Pamiętam jak rok temu miałem dużo obaw i wątpliwości przed tym co przyniesie rok 2017. Jak zwykle jednak życie zaskoczyło mnie pozytywnie i jest wiele do wspominania. Okazało się, że długi dystans rowerem można przejechać mniej boleśnie niż wcześniej mi się to wydawało, więc powstał ten blog. Najważniejsze wydarzenia mijającego roku zebrałem poniżej, a dodatkowo portal Strava przygotował bardzo ładną animację podsumowującą mój rok na sportowo.
Najważniejsze wydarzenia w poszczególnych miesiącach
Styczeń
W tym miesiącu zaczęły się moje regularne treningi na siłowni – zarówno trening ogólnorozwojowy oraz Spinning.
Luty
Nowa praca, która związana była także ze zmianą kwalifikacji zawodowych. Było dużo wątpliwości, ale opłaciło się (w jednym z aspektów okazało się to dopiero we wrześniu).

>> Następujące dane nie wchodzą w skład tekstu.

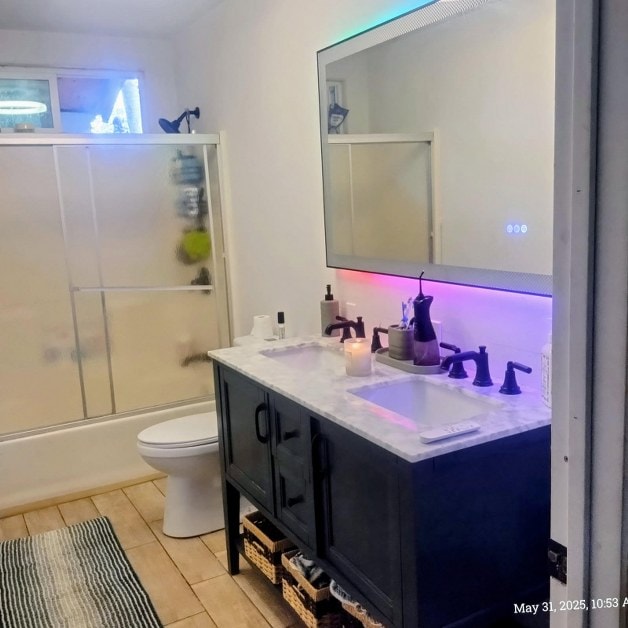 13-3313 Moku St, Pahoa, HI 96778 - full bathroom with toilet, double vanity, tile patterned flooring, and bath / shower combo with glass door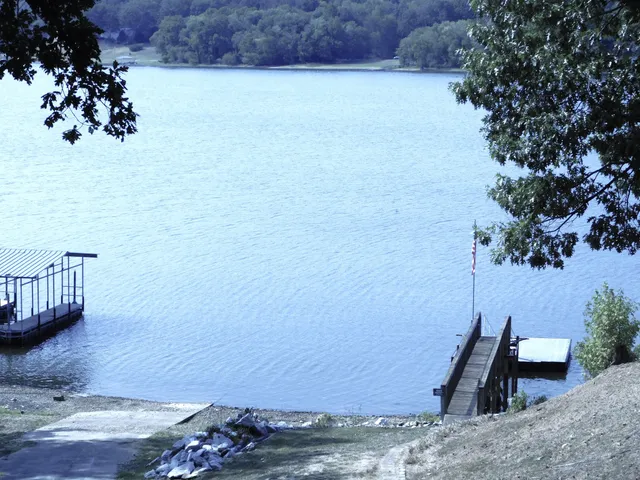 a view of a bench in wooden floor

Był też pierwszy 3-godzinny maraton Spinningowy, po którym jeszcze bardziej polubiłem tę formę aktywności.
Kupiłem też pierwsze swoje buty SPD.
Maj
Pierwszy raz usłyszałem o maratonie Kaszebe Runda. Mimo chęci udziału, przekalkulowałem siły na zamiary i ostatecznie nie podjąłem tego wyzwania.
Zacząłem jednak regularnie dojeżdżać do pracy na swoim leciwym góralu. Rano wspomagałem się SKM-ką robiąc tylko 6 km rowerem, ale każde popołudnie pokonywałem 22 km. Był to jeden z moich małych sukcesów.
Lipiec
Pierwszy raz usłyszałem o maratonie Bałtyk-Bieszczady Tour. Zacząłem dość intensywnie zastanawiać się nad udziałem w tym wydarzeniu. I decyzja została podjęta – walczę! Tym samym postanowiłem założyć fanpage na Facebooku pod nazwą Długi Dystans Rowerem na którym zacząłem dzielić się swoimi doświadczeniami. Przy tej okazji będzie mi bardzo miło, jeśli polubisz moją stronę.
Sierpień
Kupiłem swój pierwszy rower szosowy. I odkryłem jazdę na rowerze w zupełnie nowej odsłonie. Kilka razy nawet wracałem z pracy dłuższą drogą – zamiast 22 km robiłem 36 km.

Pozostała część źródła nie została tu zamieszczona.